When God commands Noah to build the ark, he is given a strange commandment: to build a “tzohar”, which could mean roof, but also mean ‘skylight’. Who puts a skylight in an ark when the rains are about to come? Someone who needs to know the sun will come out again, and needs to see that sun rise. Someone who needs to see that it isn’t dark out there, that the good guys haven’t lost, that the war is not over, that the challenge remains, but we can step up to that challenge. Gloom may surround us; it may blare at us over the airwaves. But let us make skylights in our lives to let the sun in, for it will return again.


Wednesday, October 8, 2014

Erev Yom Kippur: The Dash Between the Numbers

Here's my Kol Nidre sermon.
 Oh me! Oh life! of the questions of these recurring,
Of the endless trains of the faithless, of cities fill’d with the foolish,
Of myself forever reproaching myself, (for who more foolish than I, and who more faithless?)
Of eyes that vainly crave the light, of the objects mean, of the struggle ever renew’d,
Of the poor results of all, of the plodding and sordid crowds I see around me,
Of the empty and useless years of the rest, with the rest me intertwined,
The question, O me! so sad, recurring—What good amid these, O me, O life?
                                        Answer.
That you are here—that life exists and identity,
That the powerful play goes on, and you may contribute a verse.
--Walt Whitman
 Just outside of Camp Harlam there’s a tiny cemetery, the Dotter’s Corner Cemetery Association. It sits on a hill with a gorgeous view overlooking the Pocono Mountains, the stones facing east toward the dawn as it rises over the trees. If you’ve ever been to the Chapel On The Hill at Harlam, the view from this cemetery is a very close second. The field—barely the size of a back yard—is filled with an amazing collection of stones. Some date back to the early 19th century, and clearly belong to the original Dotter family, whose farm they must have stood upon. Others reflect the evolution of the community: civil war veterans, children who died of the Spanish flu. Names like Serfass and Bruch and Martini and Schwartz reflect the diversity of the community.  Some stones are ornate, with images of the deceased, or of their careers (lots of trucks and farm equipment). Others are marked with only simple stones, marked only with initials, or sometimes a piece of slate with no name, a cross made out of iron pipe. In a few cases it’s only the plastic signs left by the funeral home from the service itself, going back to the 1970s. 
It’s a humbling place, this cemetery on Dotter’s Corner, on this hill facing the dawn. When I’m at camp I walk through it most mornings, looking at the names and the dates, or the iron cross or the piece of slate, and wondering the story of the person beneath that stone.
Every stone has a story, be it in Kresgeville or Wilmington, or Arlington, or anywhere. When we look at a marker or a headstone, we focus on the name and the dates: the year of birth and the year of death. But the most important mark in the stone is none of those things, nor any slogan or blessing that may be found; it’s the dash between the years; because it is in that dash that the story of that life is found.  In that dash are all the games the person played as a child, his relationship with his parents and friends and siblings. In that dash are his illnesses and injuries and defeats. In that dash are his first loves and broken hearts, his days of boredom and moments of learning. In that dash are the careers he made, the family he loved, the opportunities he missed. In that dash are the cars he drove and the violence he experienced, the mundane moments and the profound moments and the silly moments.

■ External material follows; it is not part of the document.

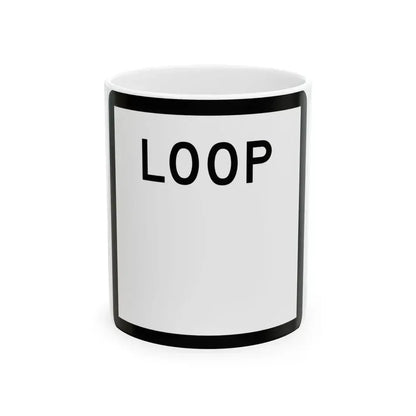 Texas Loop blank (Texas) (Road Sign) White Coffee Mug 11oz - Go Mug Yourself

I have these same thoughts every time I go to our cemetery, or the one on Foulk Rd. I look at the stones and recognize the names of people I’ve buried, and I remember their stories. I remember our conversations and conversations with their families. I remember how they lived their values, how they cared for their loved ones, how they thought of themselves and how others thought of them. I think of those stories that reside in the dash between the numbers on their stones. That is why we are so heartbroken at Holocaust memorials and tombs of the Unknown Soldier, at mass graves of the innocent dead, at monuments by the sea. For they are dedicated to those whose names we will never know, whose dates are left blank, and whose stories are too often swept into the eddies of time, unspoken and unremembered.  And without those stories, without the dash between the dates, we are nothing. 
And you know something? Each of us, every one of us, will be marked by a stone, with our name at the top, and our dates of birth and death underneath. The question is, what will fall in the dash for each of us? Who will remember our story, and what story will they remember? Will we be remembered for blessing or curse, for helping someone in a time of need, or an unkind word that cut to the quick? Will we be remembered for our vanities or for our sacrifices? I raise this not to be morbid, but to tell a truth. It is others who will tell our stories for us, whether we like it or not—our friends, our family, our children and grandchildren, and we’ll never know if they get it right. But we do get to decide what happens inside that dash, how we live our lives, how we live up to our values so that perhaps, when others see that dash on our stones, we will be remembered for blessing.
Tomorrow we will stand and confess our sins, our mistakes, the times we went astray. We will recite Unetaneh Tokeph, which reminds us that we do not control the dates of our lives: “On Rosh Hashanah it is written and Yom Kippur it is sealed: who shall live and who shall die…” We wish we had some control over those numbers, but we do not, and we chafe and groan and rail at how unfair life seems. And tomorrow we will also hear the words of Moses, who tells us that we should choose life that we may live. Not life in general, but what sort of life is worth living! We cannot choose the numbers on the stone, but we can choose what happens inside the dash. We can choose a life worth living. What is the life we will choose? What is the life we are choosing? No one has control over that but us, each one of us. And we owe it to those stones that await us to live our lives most fully. 
The powerful play goes on, and we may contribute a verse. Tonight we recommit ourselves to writing that verse. May we write them with care. Amen. 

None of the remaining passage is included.